*EXERCISE REQUIREMENTS*.
For every line below, restate it exactly and drop the images.

*DATASET EXCERPT*.
********************
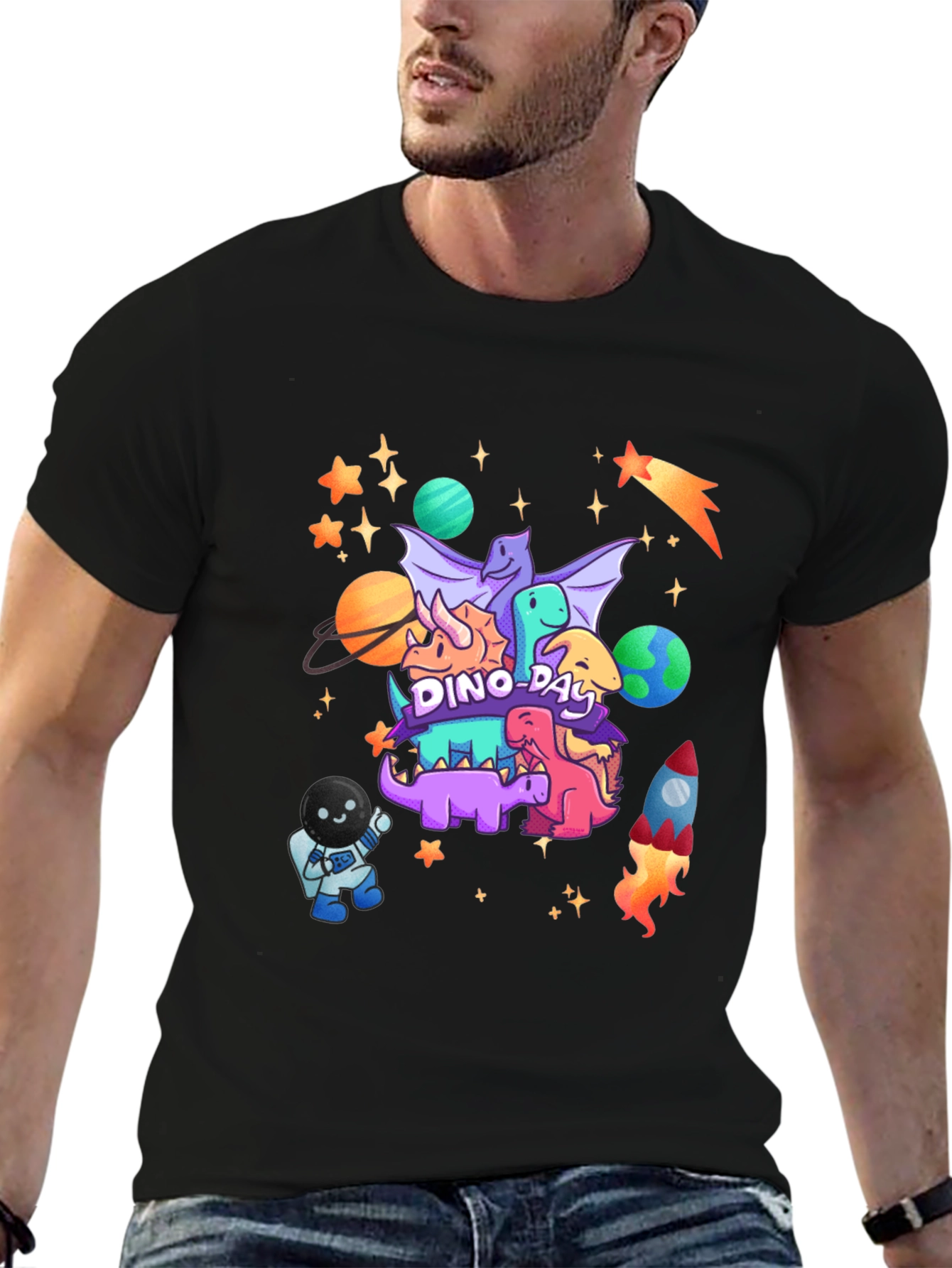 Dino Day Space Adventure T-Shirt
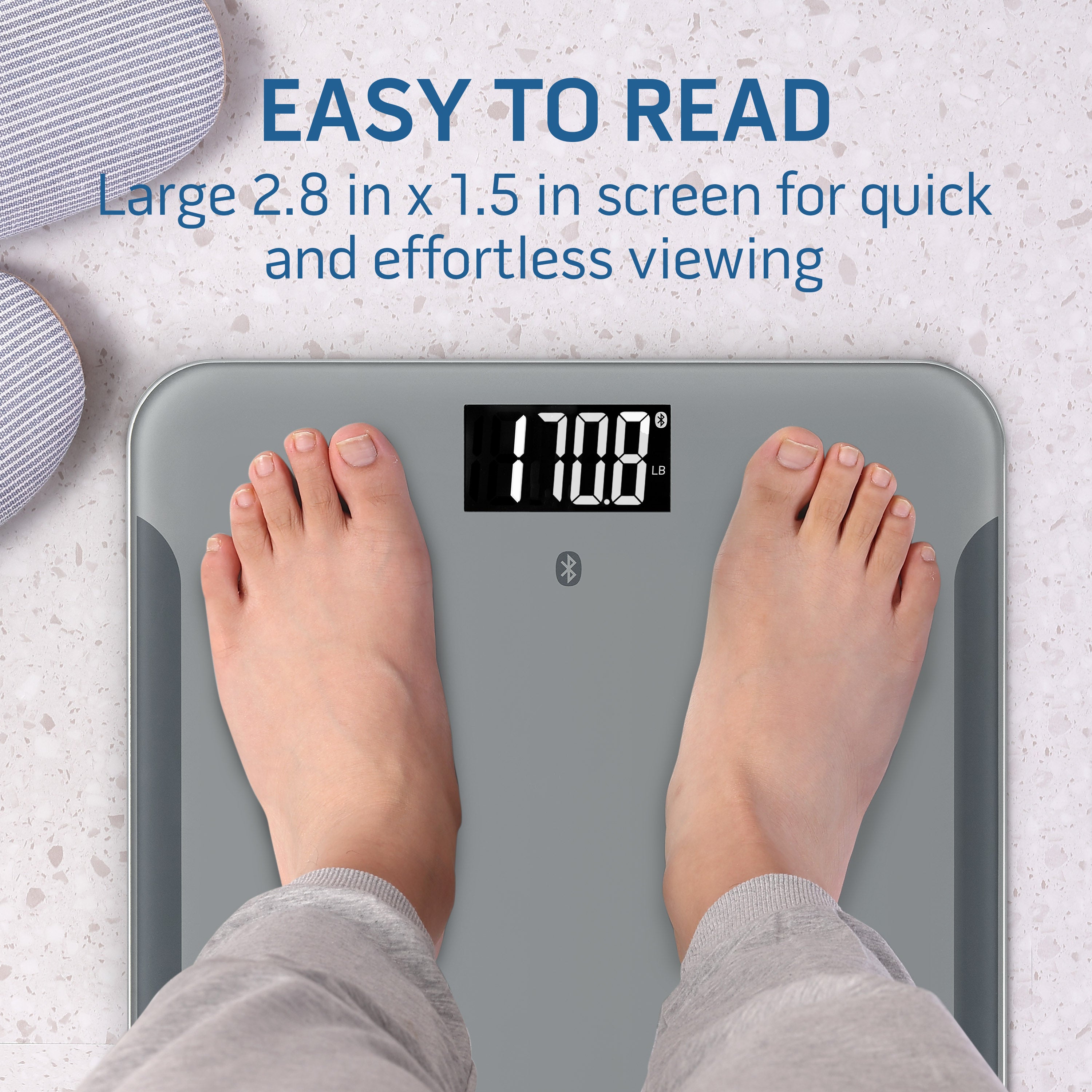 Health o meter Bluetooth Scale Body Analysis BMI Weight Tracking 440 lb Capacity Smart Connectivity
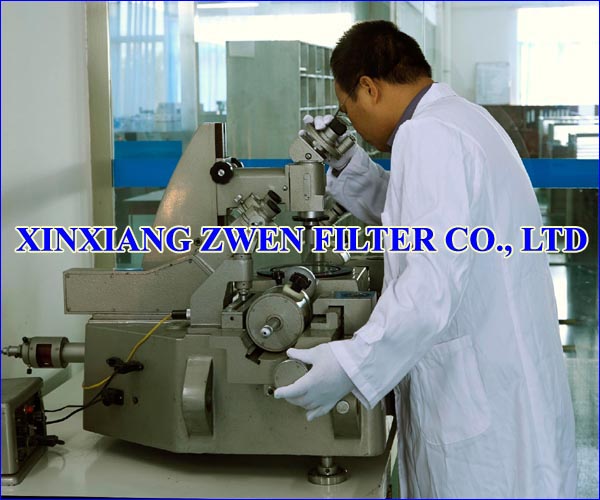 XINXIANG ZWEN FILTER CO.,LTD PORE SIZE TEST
********************
*RESULT OF THIS EXERCISE*.
 Dino Day Space Adventure T-Shirt
 Health o meter Bluetooth Scale Body Analysis BMI Weight Tracking 440 lb Capacity Smart Connectivity
 XINXIANG ZWEN FILTER CO.,LTD PORE SIZE TEST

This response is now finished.